**Recorded data:**
====

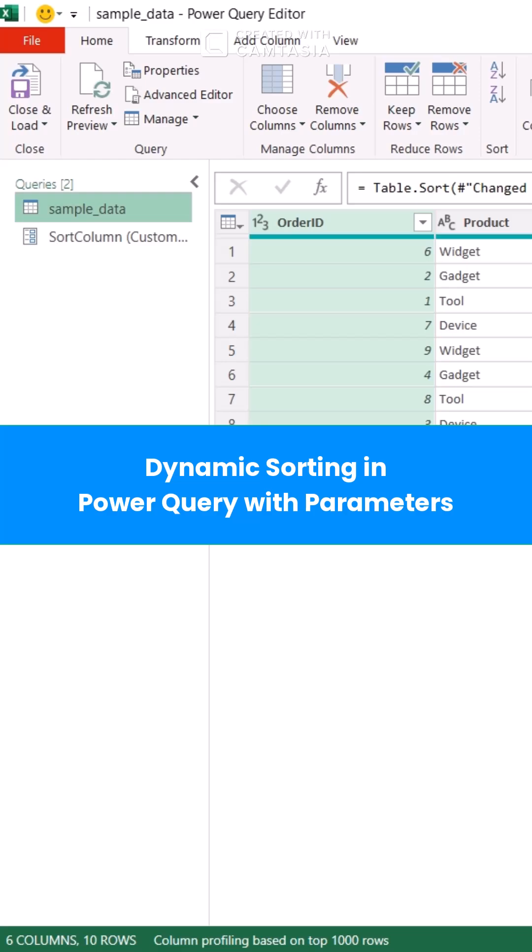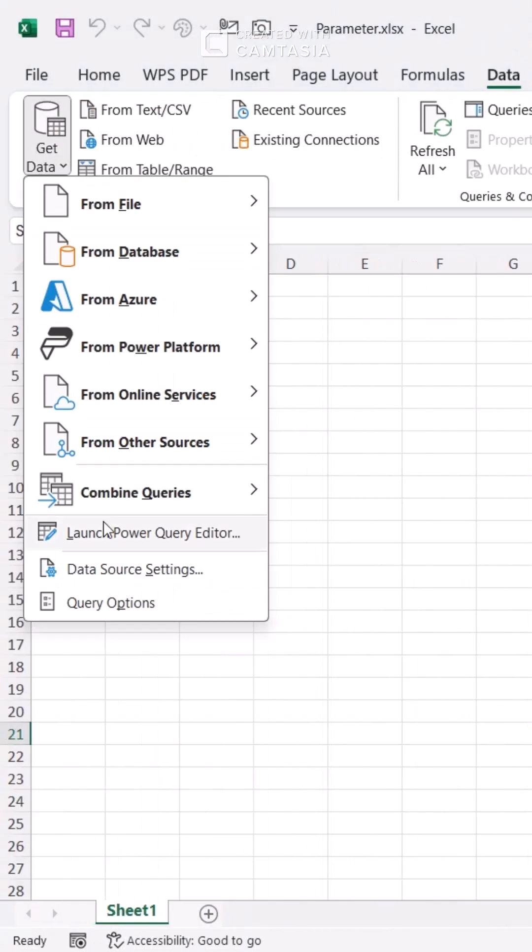Want to make your Excel data sorting super dynamic? Let's use Power Query parameters to sort like a pro. Step 1: Open Power Query and load your data.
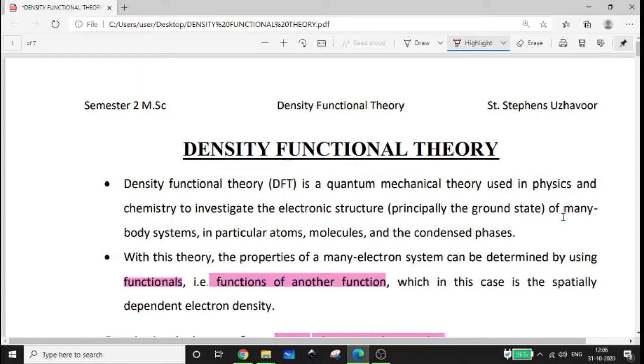Density Functional Theory. In our computational chemistry, we will discuss the topic of DFT — Density Functional Theory.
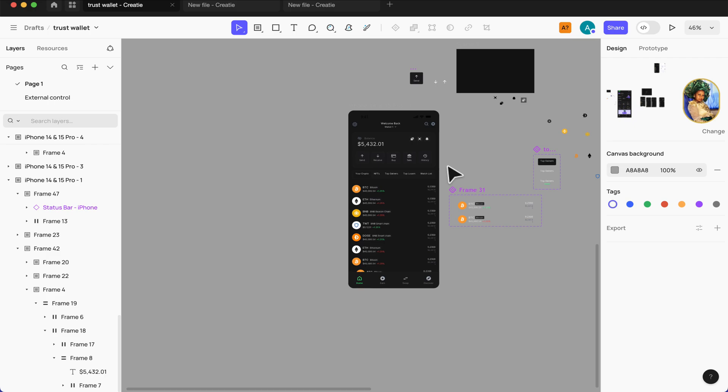But for now I'll stop here. If you want to see me create a full application with Creati, you can just indicate that in the comment section below. And if you're still not subscribed to my channel, please hit the subscribe button.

====

**Work task:**
Quote the material word for word, dropping any images it holds.

**Expected output:**
Want to make your Excel data sorting super dynamic? Let's use Power Query parameters to sort like a pro. Step 1: Open Power Query and load your data.
Density Functional Theory. In our computational chemistry, we will discuss the topic of DFT — Density Functional Theory.
But for now I'll stop here. If you want to see me create a full application with Creati, you can just indicate that in the comment section below. And if you're still not subscribed to my channel, please hit the subscribe button.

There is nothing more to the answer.